During sleep, the natural reflex of blinking slows down significantly. Blinking is important for spreading tears across the eyes’ surface, providing lubrication and nourishment. When the blink rate decreases, tears are not distributed as effectively, resulting in dryness upon waking up.

If you frequently experience dry eye symptoms at night, you should consult experts like this eye doctor in logan ut for a proper evaluation. They can help identify the underlying cause and recommend appropriate treatments or lifestyle modifications to alleviate your symptoms and improve the overall health of your eyes.

Evaporation

The environment in your bedroom can play a significant role in causing dry eyes at night. If the air in your room is dry, either due to air conditioning or heating systems, it can cause the tears on the surface of your eyes to evaporate more quickly.

This is particularly true if the humidity levels are low. As a result, the eyes may become dry and uncomfortable during the night and upon waking up.
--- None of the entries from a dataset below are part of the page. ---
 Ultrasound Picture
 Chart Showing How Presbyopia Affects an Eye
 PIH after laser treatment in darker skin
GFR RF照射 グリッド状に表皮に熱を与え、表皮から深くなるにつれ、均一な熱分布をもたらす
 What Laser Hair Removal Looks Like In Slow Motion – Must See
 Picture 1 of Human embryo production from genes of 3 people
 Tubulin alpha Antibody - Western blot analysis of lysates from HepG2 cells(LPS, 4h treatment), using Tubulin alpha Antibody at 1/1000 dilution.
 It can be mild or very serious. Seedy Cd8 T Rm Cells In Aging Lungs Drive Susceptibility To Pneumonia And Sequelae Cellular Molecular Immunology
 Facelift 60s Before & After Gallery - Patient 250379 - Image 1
Meibomian Gland Dysfunction

The meibomian glands are located in the eyelids and are responsible for producing an oily substance called meibum. This oil helps to lubricate the eyes and prevent tears from evaporating too quickly. If the meibomian glands become blocked or the quality of the oil is compromised, it can lead to an inadequate tear film and increased evaporation, resulting in dry eye disease.

Medications

Some medications can have dry eyes as a side effect. Antihistamines, commonly used to treat allergies, can reduce tear production. Decongestants, often found in nasal sprays or cold medications, can cause dryness by constricting blood vessels, including those that supply the eyes.
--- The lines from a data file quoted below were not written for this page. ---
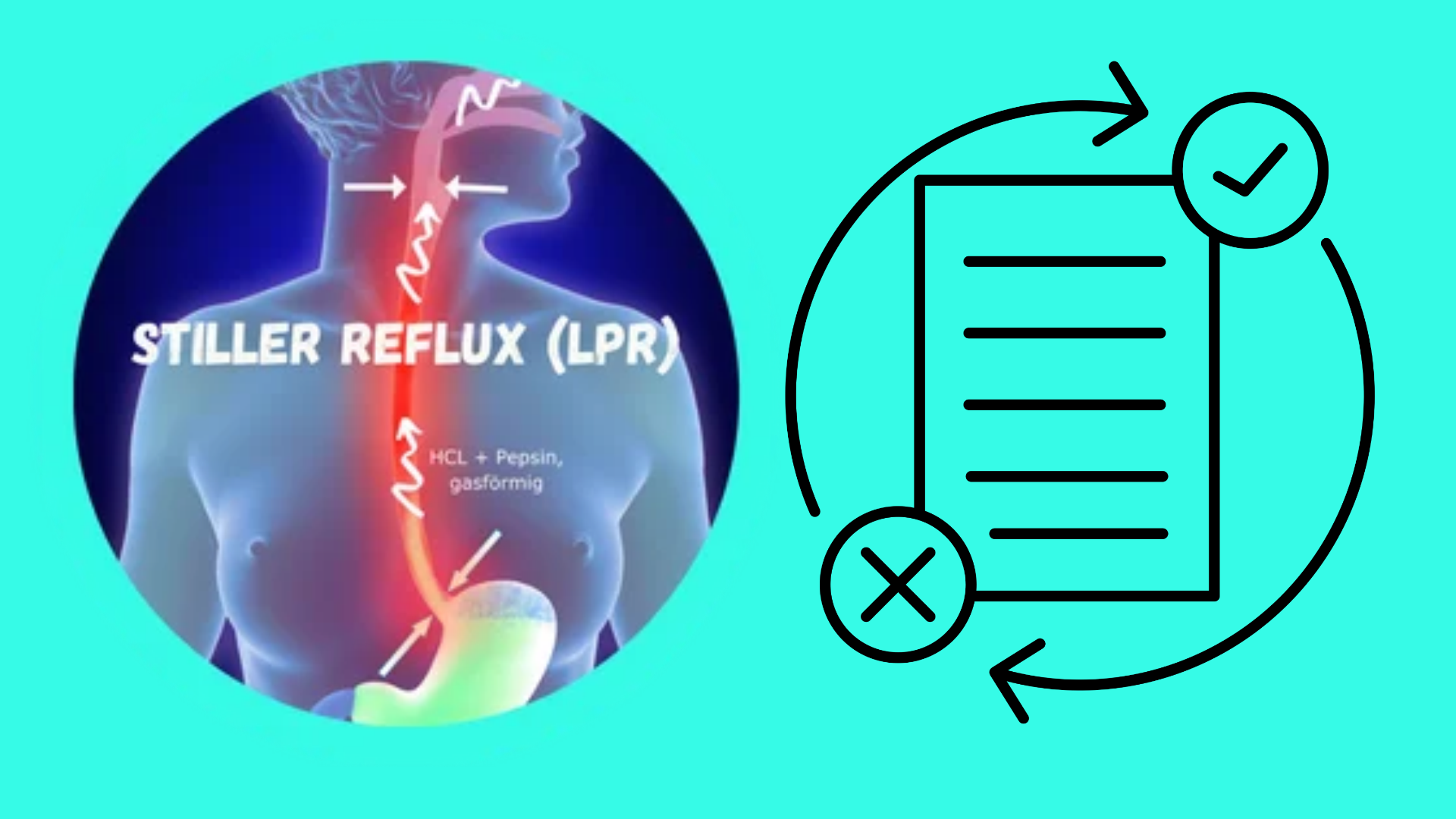Stiller Reflux und die Leitlinie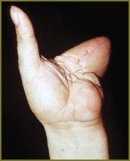 Key Principles of Staged Combined Reconstruction of Fingers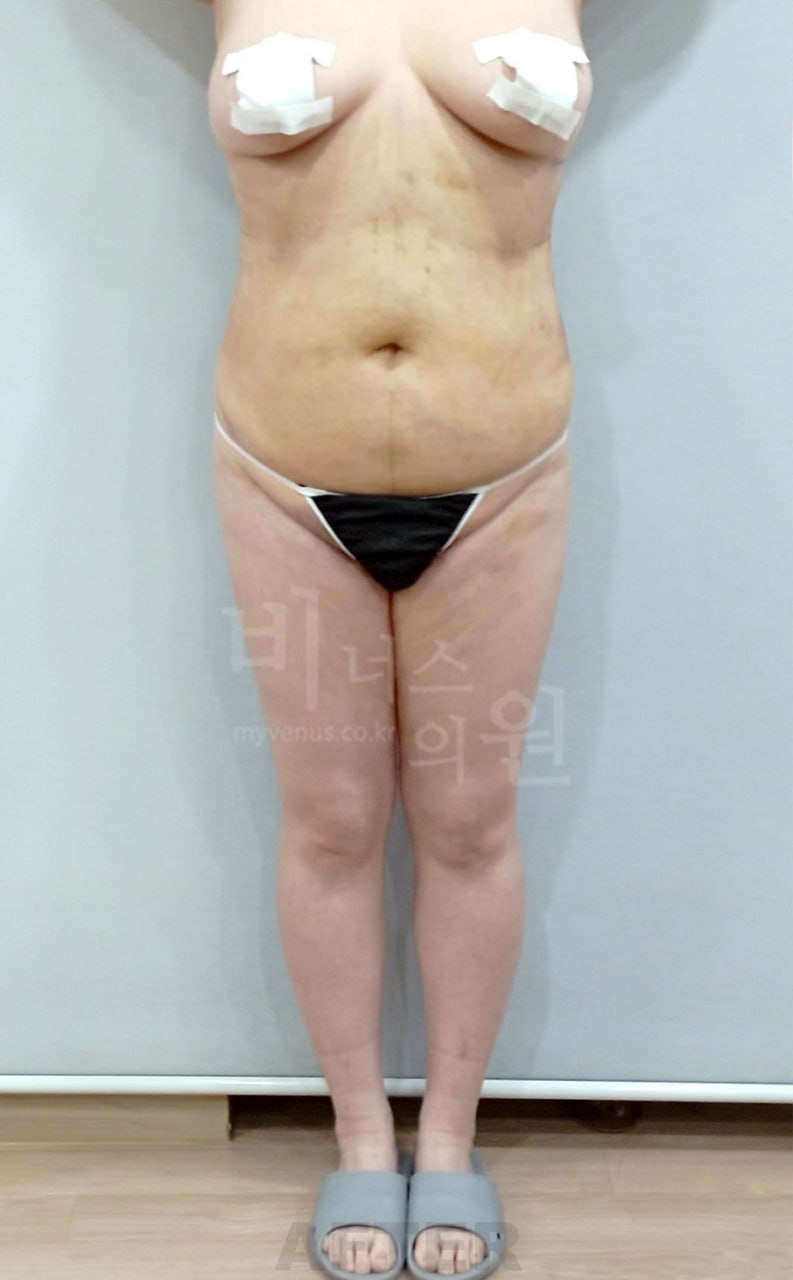 엉덩이 볼륨업 지방흡입 수술 후 정면 비너스의원
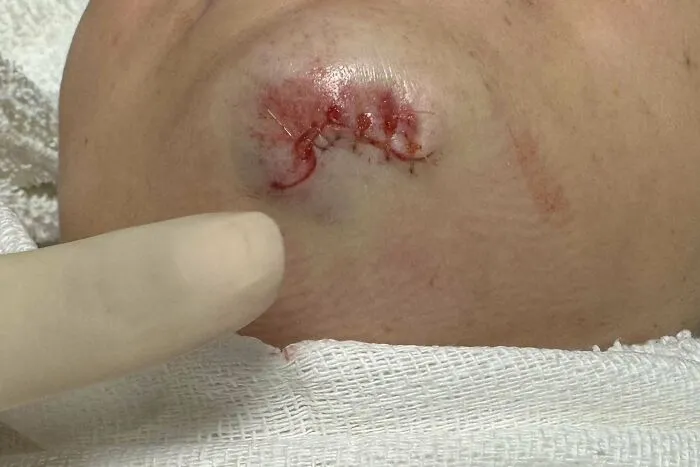 Fell Off My Bike And Had To Get Stitches On The Way To My First Day Of Senior Year LOL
Certain antidepressants can also affect tear production and quality. If you are taking any medications and experiencing dry eyes at night, consult your doctor to determine if they could contribute to the problem.

Age

As we age, the production of tears tends to decrease, and the quality of tears may change. The lacrimal glands, responsible for tear production, may become less efficient, leading to decreased tear production.

Additionally, the composition of tears may change, resulting in an inadequate tear film that evaporates more quickly. These age-related changes can make individuals more prone to experiencing dry eyes, particularly at night.

Unmasking What Causes Dry Eyes at Night

What causes dry eyes at night? Various factors, such as inadequate tear production, prolonged exposure to screens, prolonged use of contact lenses, and allergies can cause dry eyes at night.

If you suffer from dry eyes at night, speak to your doctor and optometrist to seek treatment and prevent future discomfort and damage to the eyes. Don’t suffer in silence; get help today.